Vaughn reminded analysts on the call that Journeys remains a “full-price business” and as a result, she feels the customer is “sitting on the sidelines.” The executive also admitted that consumers have an appetite right now for newness, and in recent times, Journeys has gravitated to core products. “It made a lot of sense because it was a safer way to play it when there were so many ups and downs in the consumer cycle,” Vaughn said.

But the executive said that newness is on the way. “Our Journeys merchants have really hustled,” Vaughn said. “They’ve moved heaven and earth to chase into some of this newness. And there are some examples of exclusive products for Journeys that we brought in that sold out, that is just newness and freshness. We’re chasing into products that we were testing, and we had good reads on. We’re shortening the cycle of being able to bring in product.”

As for what is working now, Vaughn noted that there’s a “real interest” in comfort casual shoes. “Part of what we’re seeing is this real trend in clogs,” she said. “And we’re seeing the trend in clogs across lots of different brands.”

Moving to the brand’s store strategy, Genesco CFO Thomas George told investors on the call that while the company will close more than 100 underperforming Journeys stores this year, the loss will be offset by a slate of openings. “We’re going to be down a net 78 stores for Journeys over the course of the year,” George confirmed.

George added that the new stores Journeys will open will be located off-mall and in some premium outlets, something relatively new for the retailer. Most of those will be open in time for the back half of the year, the executive said.

“We are primarily located within mall locations right now for Journeys,” Vaughn added. “We’ve got a number of street locations for Schuh, and a number of airport locations for Johnston & Murphy.
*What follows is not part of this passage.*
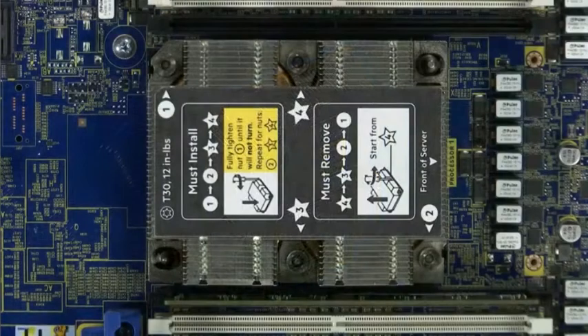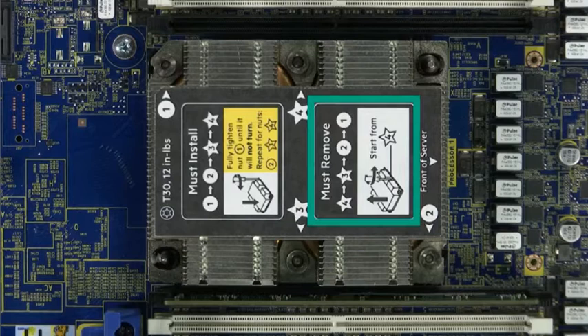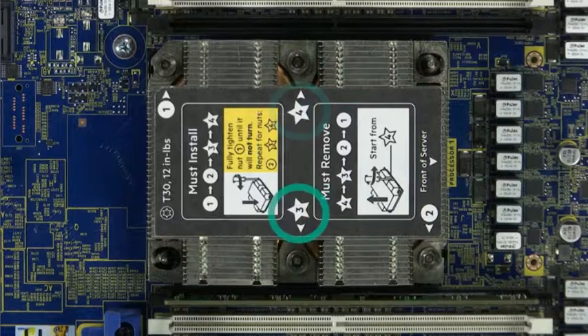Remove the entire assembly from the system board by loosening four Torx 30 nuts in the exact order as indicated on the top of the heatsink: first four, then three, then two, and then one.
So, this is really a newer initiative for us.”

As for what sparked the move to look outside of the mall for retail space, Vaughn said that in recent market research done by the company, more consumers like to go to off-mall locations multiple times per month and enjoy the convenience of shopping closer to home. “We’ve had success with a number of early off-mall locations,” the CEO said. “We’ve opened 13 of what we expect to open to be 25 off-mall stores. And these are with a larger footprint and ability to carry the full assortment of kids and adults.”

Ultimately though, Vaughn remains confident Genesco can turn Journeys around. “We have a great track record of successfully navigating times like this and have seen multiple adverse economic cycles and fashion shifts within Journeys,” Vaughn said. “We’re taking the right action to respond to the consumer environment and to drive profitability as we move forward.”